Why leave it on if it's not helping? If you don't give it time to spool up it will most likely hurt IQ... and if nothing else it's just eating batteries.
 
He says it doesn't hurt image quality and slightly reduced battery life isn't something that would bother me,so just leave it on when using the gimbal
 
The advice from Steve Perry-highly regarded wildlife photographer and author is just to leave it on when using a loose gimbal.He has tried it with stabilisation on and off and couldn't see any difference in the results.Useful at low shutter speeds and not detrimental at high shutter speeds.
That isn't altogether his advice in his latest eBook 'Secrets to the Nikon Autofocus System' where he discusses VR causing image blur.
 
The problem is that it can be hard to tell when VR is the cause. The other day I was using a tripod, remote release, with VR in tripod mode and I was having issues... I *finally* realized I hadn't locked the tripod collar after rotating the lens.
 
Having read this article I will have to rethink my long lens technique and try switching stabilisation off at higher shutter speeds

I wouldn't draw too many conclusions from that article. It's an interesting attempt at a very difficult subject but falls seriously short on many points. It's on a tripod (!), at 1/250sec and longer, and compares just one lens from one manufacturer. If anything, it's more like a test of Nikon's tripod-sensing on that particular lens (from 2009) and that you need to let the system settle first (I thought that was obvious). Mansurov admits the article is a work in progress, but why is he testing at different lens apertures? That's an irrelevant variable that only confuses things, like the odd-ball results he's getting at 5.6 in the last set that contradict other findings.

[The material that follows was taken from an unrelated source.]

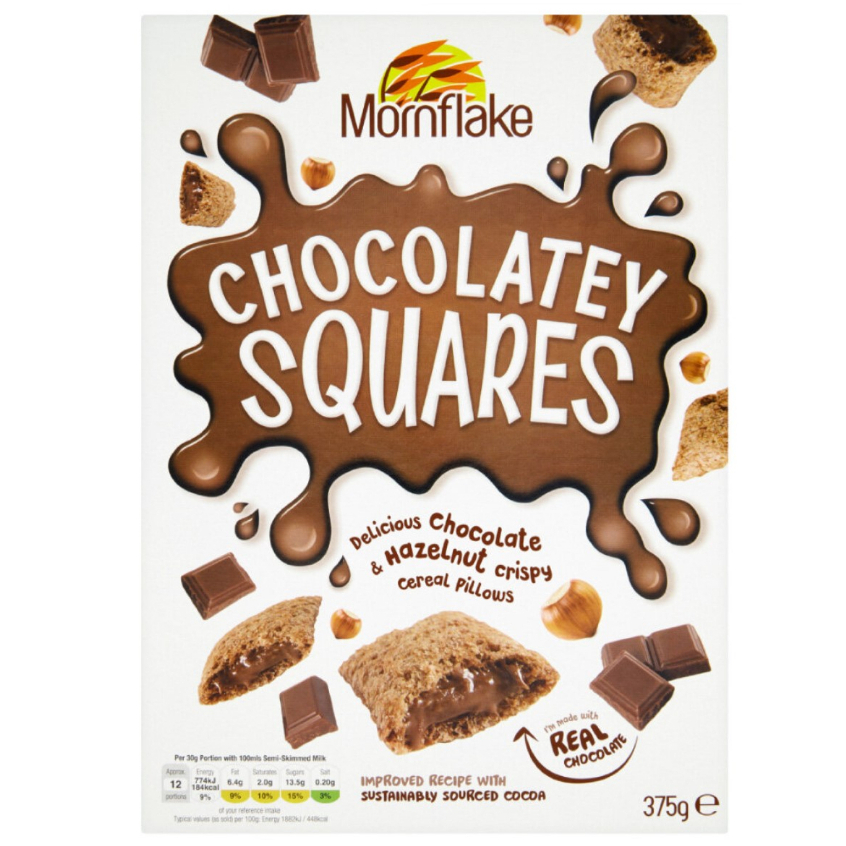 Mornflake Chocolatey & Hazelnut Crispy Squares Cereal Pillows, 375g Shopee Malaysia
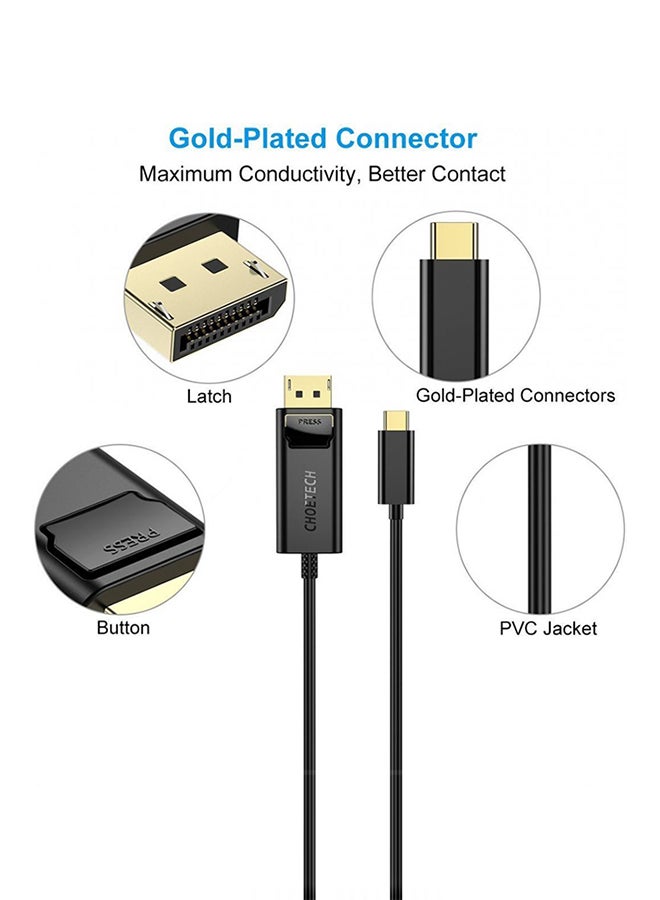 CHOETECH USB-C To Displayport Adapter Cable 4Kx2K, 60Hz (4Ft/1.2M) For 2017 Imac, 2017/ 2016 - Image 2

The facts about image stabilisation are few, and basically just this: at longer shutter speeds it is incredibly effective when hand-holding, but its usefulness reduces as shutter speed increases. There will come a point (highly variable) when the benefits are non-existant, or according to some, may even be detrimental. It is that last question we need an answer to but Mansurov goes nowhere near answering it (I have a lot of respect for his work though).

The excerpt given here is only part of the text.